TASK MATERIAL =>
#####

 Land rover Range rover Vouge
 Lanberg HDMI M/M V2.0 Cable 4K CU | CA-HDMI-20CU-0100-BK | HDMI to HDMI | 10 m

#####

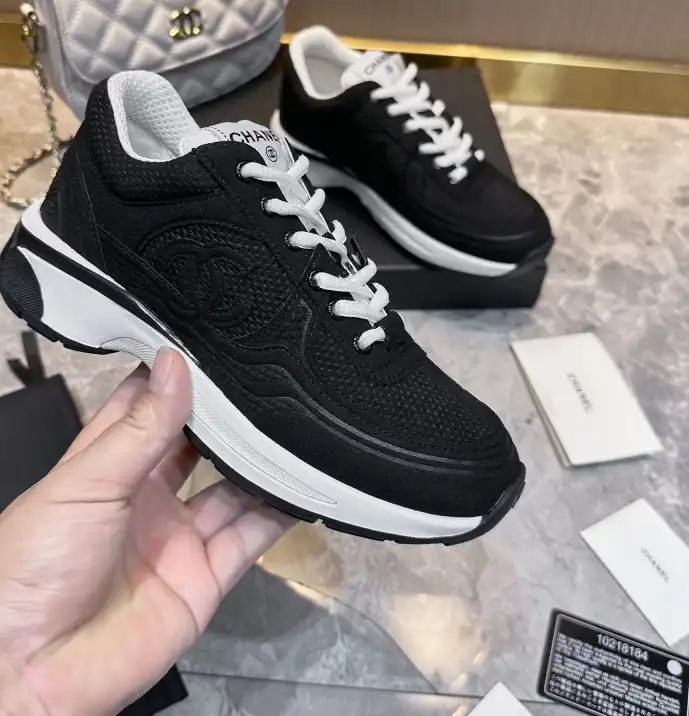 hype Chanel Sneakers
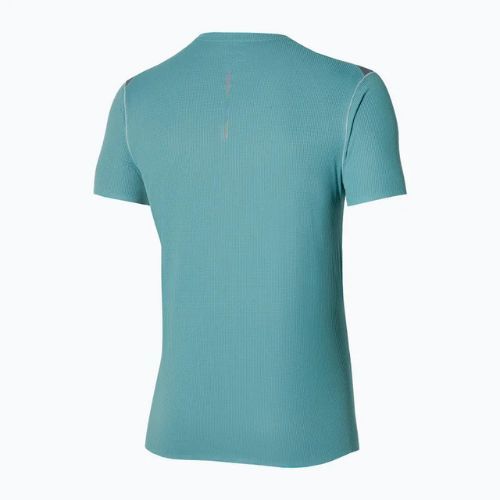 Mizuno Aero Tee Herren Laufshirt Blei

#####

DESCRIPTION OF THE TASK => Extract from the listing above the lines between the line containing "Land rover Range rover Vouge" and the line containing "Lanberg HDMI M/M", keeping both of those lines. Output nothing else.

RESPONSE TO THE TASK =>
 Land rover Range rover Vouge
 Lanberg HDMI M/M V2.0 Cable 4K CU | CA-HDMI-20CU-0100-BK | HDMI to HDMI | 10 m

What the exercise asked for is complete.